The day-ahead prediction errors of given power, heat load and wind power output are 4%, 4% and 20%, respectively, rolling prediction errors are 2%, 2% and 5%, respectively, and real-time prediction errors are 0.4%, 0.4% and 2%, respectively.

5.1. Multi-Time-Scale Scheduling Plan and Actual Output Comparison

In this case, a multi-time-scale scheduling plan is carried out. Figure 5 shows the comparison curve of real-time planning and actual processing of electric load, and Figure 6 shows the output and actual output of electric load under day-ahead planning, rolling planning, real-time planning and real-time planning, respectively.

Figure 7, Figure 8, Figure 9 and Figure 10 show that the output trend of each piece of equipment in the rolling plan is the same as that of the day-ahead plan, and it is closer to the actual situation due to the use of data with higher prediction accuracy. At the peak of electricity price from 8:00 to 21:00, the gas price of 0.045 $/kWh, is converted into electricity through the gas turbine, and the output electricity price of 0.112 $/kWh, is lower than the time-sharing electricity price, so it is more economic to use gas turbine to generate electricity to supplement the vacant electricity at the peak of electricity price than to purchase electricity directly from the power grid.

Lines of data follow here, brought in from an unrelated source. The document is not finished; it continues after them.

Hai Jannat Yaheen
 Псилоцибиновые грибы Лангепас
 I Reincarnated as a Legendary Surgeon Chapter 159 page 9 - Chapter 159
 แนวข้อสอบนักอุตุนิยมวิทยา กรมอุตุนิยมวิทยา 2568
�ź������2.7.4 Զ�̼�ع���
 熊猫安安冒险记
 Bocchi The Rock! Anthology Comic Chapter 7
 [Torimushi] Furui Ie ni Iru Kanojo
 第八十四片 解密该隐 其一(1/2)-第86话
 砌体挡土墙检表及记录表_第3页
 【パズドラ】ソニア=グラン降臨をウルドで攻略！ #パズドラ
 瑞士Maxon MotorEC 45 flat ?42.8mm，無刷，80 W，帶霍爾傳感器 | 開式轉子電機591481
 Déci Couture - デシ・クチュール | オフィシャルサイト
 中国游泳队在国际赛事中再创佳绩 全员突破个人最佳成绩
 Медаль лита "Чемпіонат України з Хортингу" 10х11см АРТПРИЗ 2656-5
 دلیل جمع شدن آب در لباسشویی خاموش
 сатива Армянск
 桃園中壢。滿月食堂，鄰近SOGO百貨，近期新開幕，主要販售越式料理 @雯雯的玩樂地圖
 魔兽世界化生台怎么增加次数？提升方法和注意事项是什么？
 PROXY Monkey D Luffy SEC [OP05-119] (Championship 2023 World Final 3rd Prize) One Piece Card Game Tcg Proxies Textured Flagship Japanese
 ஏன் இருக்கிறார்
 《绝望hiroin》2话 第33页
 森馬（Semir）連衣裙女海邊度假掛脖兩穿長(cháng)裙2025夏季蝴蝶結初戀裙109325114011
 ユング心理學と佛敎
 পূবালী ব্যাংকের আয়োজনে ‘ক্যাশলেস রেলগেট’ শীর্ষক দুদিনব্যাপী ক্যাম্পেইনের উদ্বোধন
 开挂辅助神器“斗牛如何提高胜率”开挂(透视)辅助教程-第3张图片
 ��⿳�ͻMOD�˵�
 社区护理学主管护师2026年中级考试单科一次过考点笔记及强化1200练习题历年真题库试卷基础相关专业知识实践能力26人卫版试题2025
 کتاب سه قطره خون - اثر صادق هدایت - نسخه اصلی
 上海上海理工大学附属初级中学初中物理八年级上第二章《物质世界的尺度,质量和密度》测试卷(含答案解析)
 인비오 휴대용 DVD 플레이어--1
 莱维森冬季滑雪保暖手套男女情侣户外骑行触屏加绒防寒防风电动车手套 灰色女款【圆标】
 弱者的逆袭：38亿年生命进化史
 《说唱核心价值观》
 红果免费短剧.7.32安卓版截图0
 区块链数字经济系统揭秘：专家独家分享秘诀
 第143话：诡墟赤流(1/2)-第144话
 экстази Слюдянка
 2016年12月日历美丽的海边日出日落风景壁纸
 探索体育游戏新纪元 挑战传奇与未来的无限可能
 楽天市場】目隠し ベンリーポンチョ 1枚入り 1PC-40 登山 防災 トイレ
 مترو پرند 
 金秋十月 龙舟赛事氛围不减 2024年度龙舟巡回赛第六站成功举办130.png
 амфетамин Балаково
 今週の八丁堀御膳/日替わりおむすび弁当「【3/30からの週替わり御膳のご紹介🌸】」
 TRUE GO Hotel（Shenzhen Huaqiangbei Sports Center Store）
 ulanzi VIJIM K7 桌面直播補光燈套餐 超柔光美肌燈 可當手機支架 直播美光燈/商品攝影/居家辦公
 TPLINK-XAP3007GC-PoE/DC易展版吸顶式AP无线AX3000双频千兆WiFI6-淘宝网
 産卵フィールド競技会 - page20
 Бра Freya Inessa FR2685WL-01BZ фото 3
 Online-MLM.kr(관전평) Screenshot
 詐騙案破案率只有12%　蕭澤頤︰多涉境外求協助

In the recent forecast data, between 0:00–7:00 and 22:00–24:00, there is excess wind power output in and near the interval, and P2G devices work, and the excess wind power is converted into natural gas to be sent to gas storage devices for storage or directly consumed in gas-fired boilers. The combined use of P2G and gas storage device provides an effective way for the local consumption of wind power. In addition, real-time planning is an optimal scheduling scheme based on rolling planning, so there is little difference between real-time planning and rolling planning.

5.2. Multi-Time-Scale Scheduling Plan and Actual Output Comparison

The results of multi-time-scale coordination optimization in this paper are compared with the scheduling results based on day-ahead programming (DA-P).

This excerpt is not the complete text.